Stevia - Natural Sweetner

Summer is right around the corner (though with the temps today you'd think it was already June). With summer in the south come a few staples. BBQ, cook-outs, tomato sandwiches (with Duke's, don't argue), cole slaw and SWEET TEA.

When you grow up in the south sweet tea, and usually REALLY sweet tea, is a given on the table. And in the fridge. It's what you see in restaurants, homes, front porches. But recent years have shown us that guzzling huge amounts of sugar isn't good for us. In our food and our drinks, and our precious sweet tea.
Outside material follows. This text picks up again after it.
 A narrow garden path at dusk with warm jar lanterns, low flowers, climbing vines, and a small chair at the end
So what do most do? Either drink unsweetened tea, which I actually like, or add artificial sweetener. Which I really dislike. Might be my imagination, but I taste the chemicals so I'd rather drink tea with nothing than tea with that. Plus artificial sweeteners aren't good for you. Bad for you actually - to the point that some argue whether sugar, being natural, is better.
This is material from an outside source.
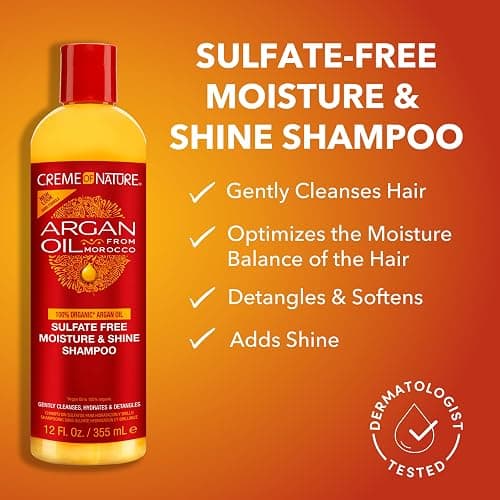 Creme of Nature Argan Oil from Morocco Sulfate-Free Moisture & Shine Shampoo & Conditioner, 2 Count thumbnail 5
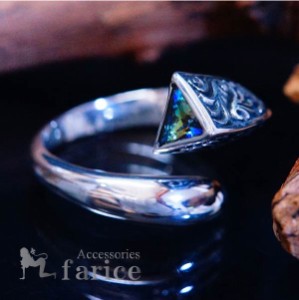 ミスティックトパーズ アラベスク 立体 三角形 フリーサイズ メンズ リング 指輪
Stevia is packaged and sold as a sugar substitute. I'd heard of it and on a family camping trip tried some in coffee. My cousin had it and was telling me how she'd cut out sugar. I put it in, same amount as the sugar I normally use. NASTY. And cloyingly sweet. Really nasty.

So never really thought about it again. Then, two years ago, when we were setting up our first garden in NoDa Joey saw one at the Home Depot garden center. Since we love to experiment and also love plants that add color, texture, or some other element to the garden we bought one. It grew like crazy. And easily. It looks a lot like a sage plant in leaf structure and color. It grew all summer long before I tried to do anything with it. We had it as a novelty, tasting the sweet leaves and getting others to try them, before really trying it out as a sweetener.

That summer I began to get in better shape. Losing 30 some pounds, cutting out a ton of meats, and cutting out sugar. Since I'd cut sugar out everywhere else I did crave "sweet" from time-to-time. Something new for me. One day I looked up how to use stevia and was surprised at how simple it could be. Forget buying it processed, if you aren't adding sugar to a recipe for the chemical reaction element of cooking - baking for some recipes for instance - it does really well to sweeten...especially tea! The first time I'd tried it, years before, in coffee I had no idea that it can be 20 to 30 times more sweet than sugar. A little goes a long way.

Above: so now our stevia grows in the front year, part of our 'edible landscaping'

So now I make sweet tea during the hot summer months. Same recipe for bags to water (so do what you like and are used to) but no sugar. I add stevia leaves, directly from the plant, to the water once it's off the stove top and the tea bags have been added. They all steep together. We sometimes add mint, always add lemon, and we get the same refreshing heat-beating tea that we've grown up with. There is a slight, to me very very slight, difference in taste. Not the sweet part but a hint of an aftertaste that I don't detect any longer and most folks don't either. A bonus on the other hand, none of that syrupy sweet feeling in your mouth from drinking it that some sugary drinks give - goodbye sugar film, I don't miss that at all.

Oh, as for the coffee. I still can't stand stevia in that - blugh - so the morning beans still get sugar...just a teaspoon, and sugar-in-the-raw!